(Records Opens)
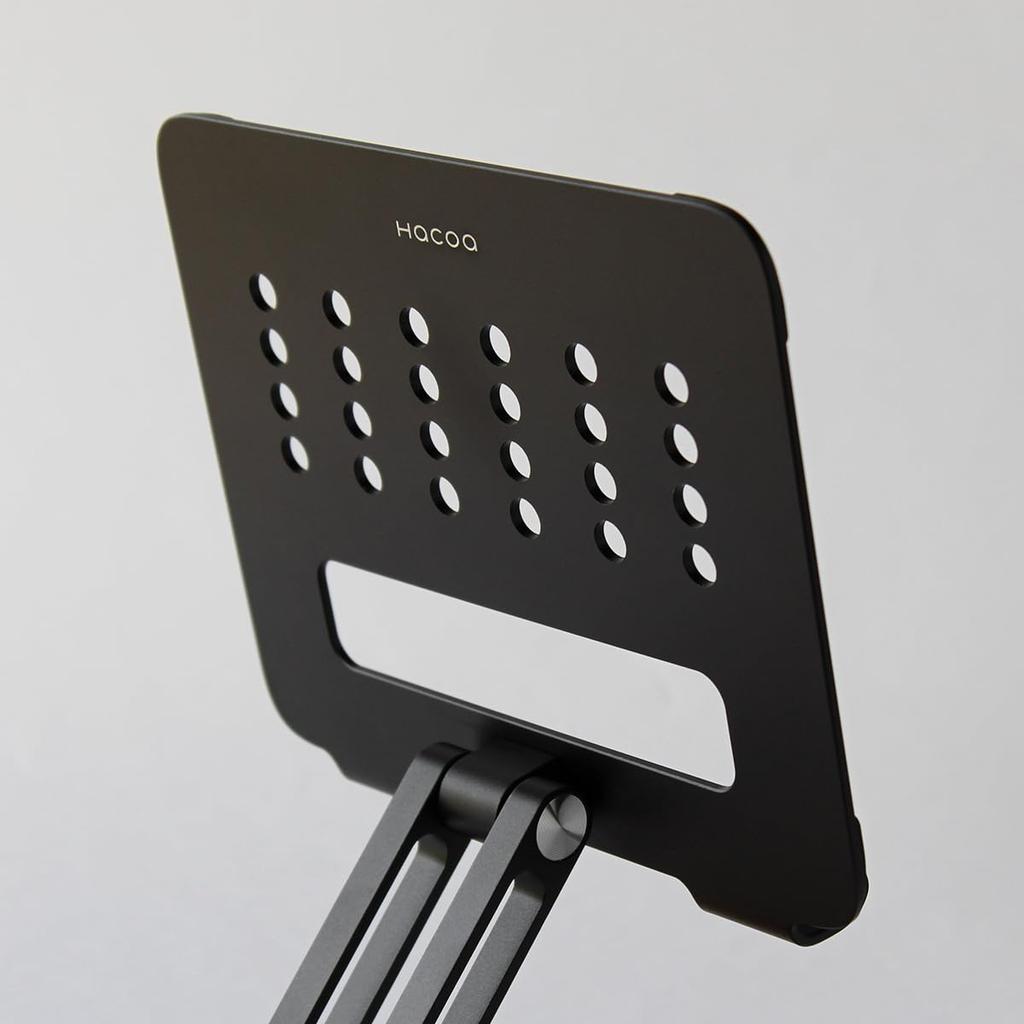 Tablet Foldable Tablet Stand with Adjustable Angle "Adjustable Stand" (Walnut)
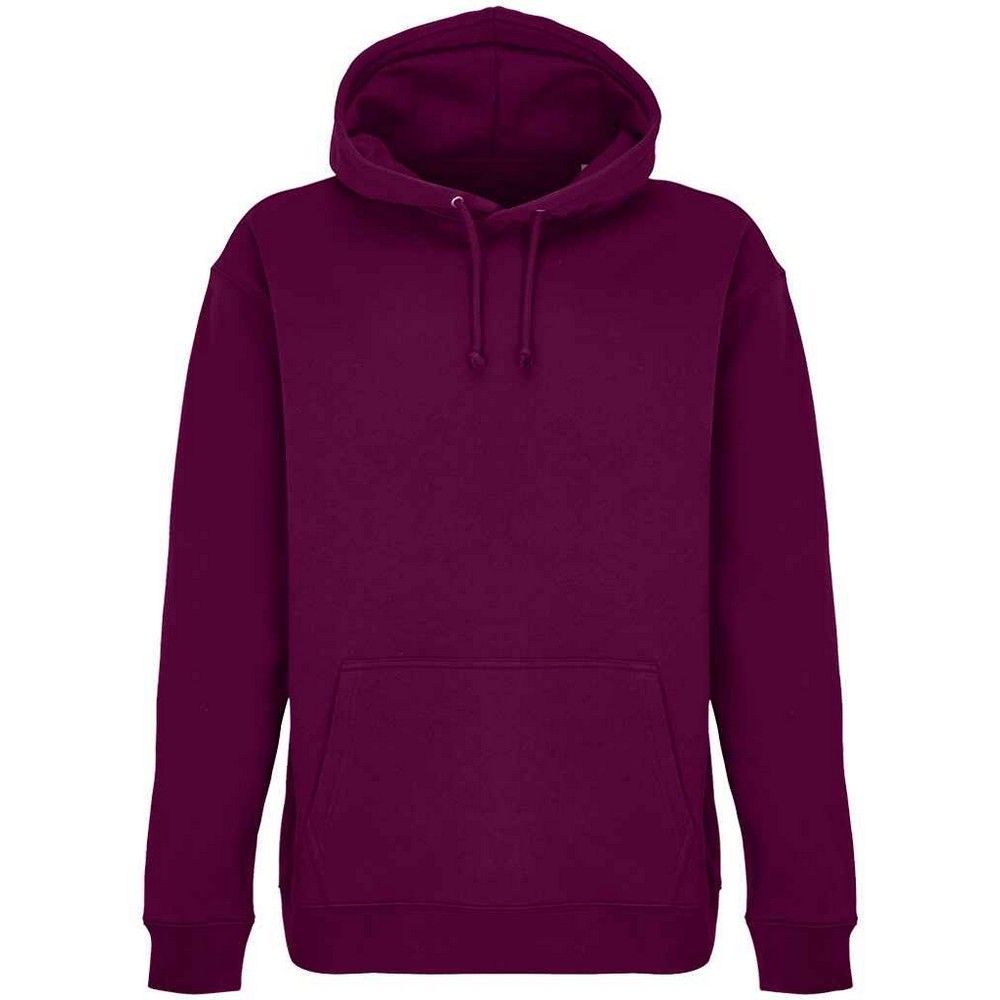 Unisex Fleece-Kapuzenpullover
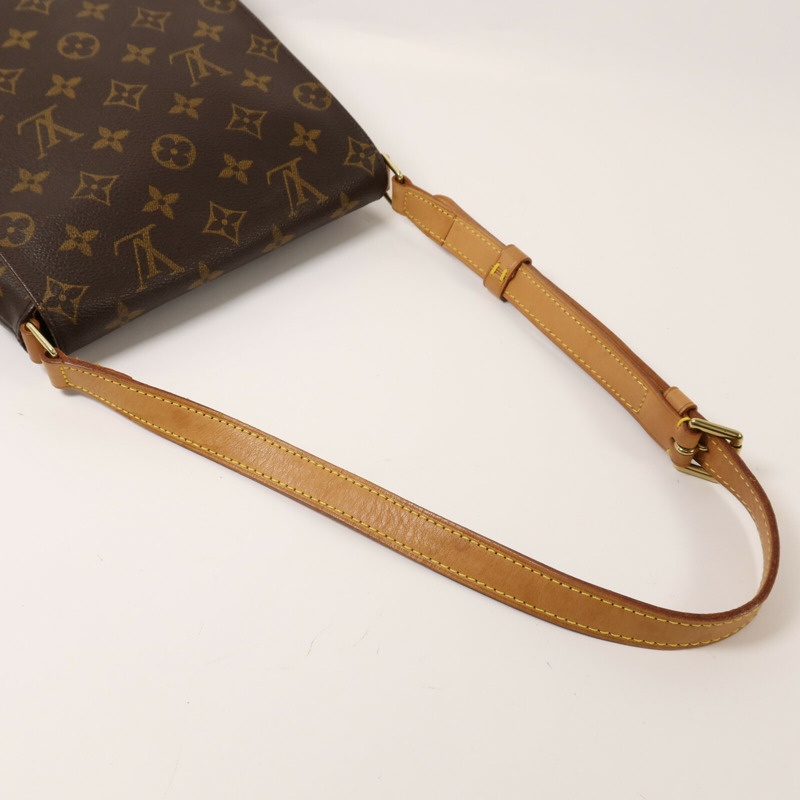 LOUIS VUITTON Monogram Musette Salsa金扣肩背袋-7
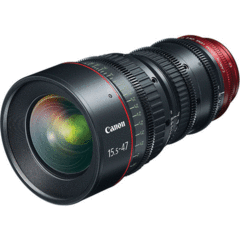 Canon CN-E 15.5-47mm T2.8 L SP with PL Mount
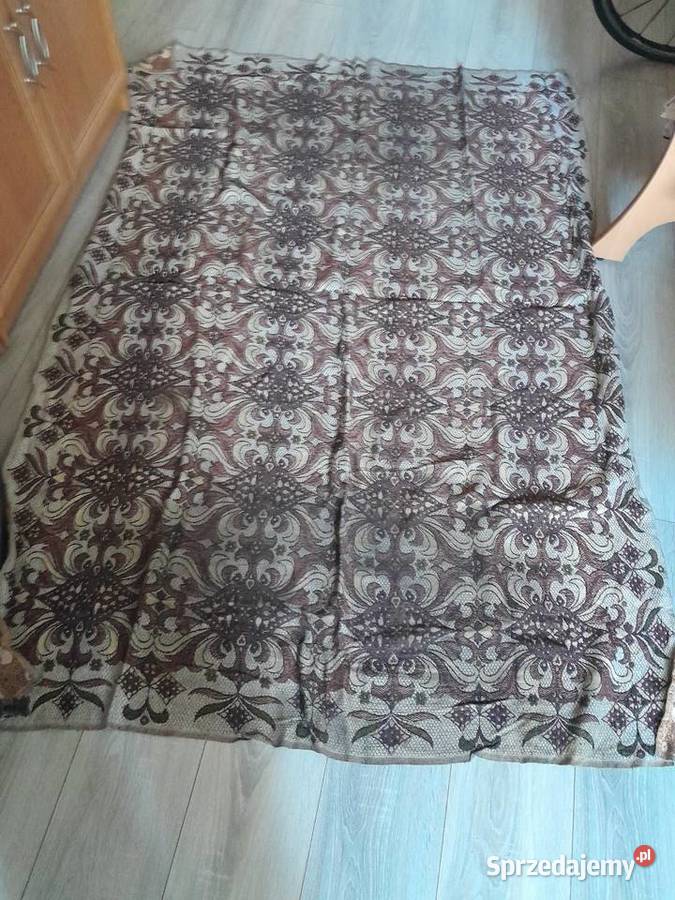 Kapa przykrycie na łóżko z prl Solca Wielka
(Records Closes)
▶ [Task goal]: Restate the records word for word and drop the images.

▶ [Task result]:
 Tablet Foldable Tablet Stand with Adjustable Angle "Adjustable Stand" (Walnut)
 Unisex Fleece-Kapuzenpullover
 LOUIS VUITTON Monogram Musette Salsa金扣肩背袋-7
 Canon CN-E 15.5-47mm T2.8 L SP with PL Mount
 Kapa przykrycie na łóżko z prl Solca Wielka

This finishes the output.